- Exercise goal: Give back the entries below verbatim.

----- Entries provided

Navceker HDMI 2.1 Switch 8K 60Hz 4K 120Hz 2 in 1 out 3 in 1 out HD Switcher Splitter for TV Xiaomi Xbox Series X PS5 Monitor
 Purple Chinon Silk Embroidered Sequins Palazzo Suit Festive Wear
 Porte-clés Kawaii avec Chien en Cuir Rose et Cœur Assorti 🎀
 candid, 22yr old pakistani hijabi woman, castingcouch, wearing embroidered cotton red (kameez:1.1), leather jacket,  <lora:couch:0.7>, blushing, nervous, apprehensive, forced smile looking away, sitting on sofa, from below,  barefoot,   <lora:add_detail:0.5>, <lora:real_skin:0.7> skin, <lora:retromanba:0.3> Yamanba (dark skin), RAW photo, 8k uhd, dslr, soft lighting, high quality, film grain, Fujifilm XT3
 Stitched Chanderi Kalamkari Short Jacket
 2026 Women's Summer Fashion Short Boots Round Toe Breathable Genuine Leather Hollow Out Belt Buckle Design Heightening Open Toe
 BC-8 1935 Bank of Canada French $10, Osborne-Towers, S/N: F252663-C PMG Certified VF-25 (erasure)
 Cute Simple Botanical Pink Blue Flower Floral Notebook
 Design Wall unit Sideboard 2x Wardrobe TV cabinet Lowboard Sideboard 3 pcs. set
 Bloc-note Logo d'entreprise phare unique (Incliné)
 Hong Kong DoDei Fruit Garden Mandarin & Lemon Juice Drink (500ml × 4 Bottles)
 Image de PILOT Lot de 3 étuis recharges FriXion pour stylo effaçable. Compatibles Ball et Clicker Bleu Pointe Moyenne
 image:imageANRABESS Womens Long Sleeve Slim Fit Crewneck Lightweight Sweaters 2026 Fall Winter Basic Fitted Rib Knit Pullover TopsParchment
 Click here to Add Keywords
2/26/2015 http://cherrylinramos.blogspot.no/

----------

- Task output:
Navceker HDMI 2.1 Switch 8K 60Hz 4K 120Hz 2 in 1 out 3 in 1 out HD Switcher Splitter for TV Xiaomi Xbox Series X PS5 Monitor
 Purple Chinon Silk Embroidered Sequins Palazzo Suit Festive Wear
 Porte-clés Kawaii avec Chien en Cuir Rose et Cœur Assorti 🎀
 candid, 22yr old pakistani hijabi woman, castingcouch, wearing embroidered cotton red (kameez:1.1), leather jacket,  <lora:couch:0.7>, blushing, nervous, apprehensive, forced smile looking away, sitting on sofa, from below,  barefoot,   <lora:add_detail:0.5>, <lora:real_skin:0.7> skin, <lora:retromanba:0.3> Yamanba (dark skin), RAW photo, 8k uhd, dslr, soft lighting, high quality, film grain, Fujifilm XT3
 Stitched Chanderi Kalamkari Short Jacket
 2026 Women's Summer Fashion Short Boots Round Toe Breathable Genuine Leather Hollow Out Belt Buckle Design Heightening Open Toe
 BC-8 1935 Bank of Canada French $10, Osborne-Towers, S/N: F252663-C PMG Certified VF-25 (erasure)
 Cute Simple Botanical Pink Blue Flower Floral Notebook
 Design Wall unit Sideboard 2x Wardrobe TV cabinet Lowboard Sideboard 3 pcs. set
 Bloc-note Logo d'entreprise phare unique (Incliné)
 Hong Kong DoDei Fruit Garden Mandarin & Lemon Juice Drink (500ml × 4 Bottles)
 Image de PILOT Lot de 3 étuis recharges FriXion pour stylo effaçable. Compatibles Ball et Clicker Bleu Pointe Moyenne
 image:imageANRABESS Womens Long Sleeve Slim Fit Crewneck Lightweight Sweaters 2026 Fall Winter Basic Fitted Rib Knit Pullover TopsParchment
 Click here to Add Keywords
2/26/2015 http://cherrylinramos.blogspot.no/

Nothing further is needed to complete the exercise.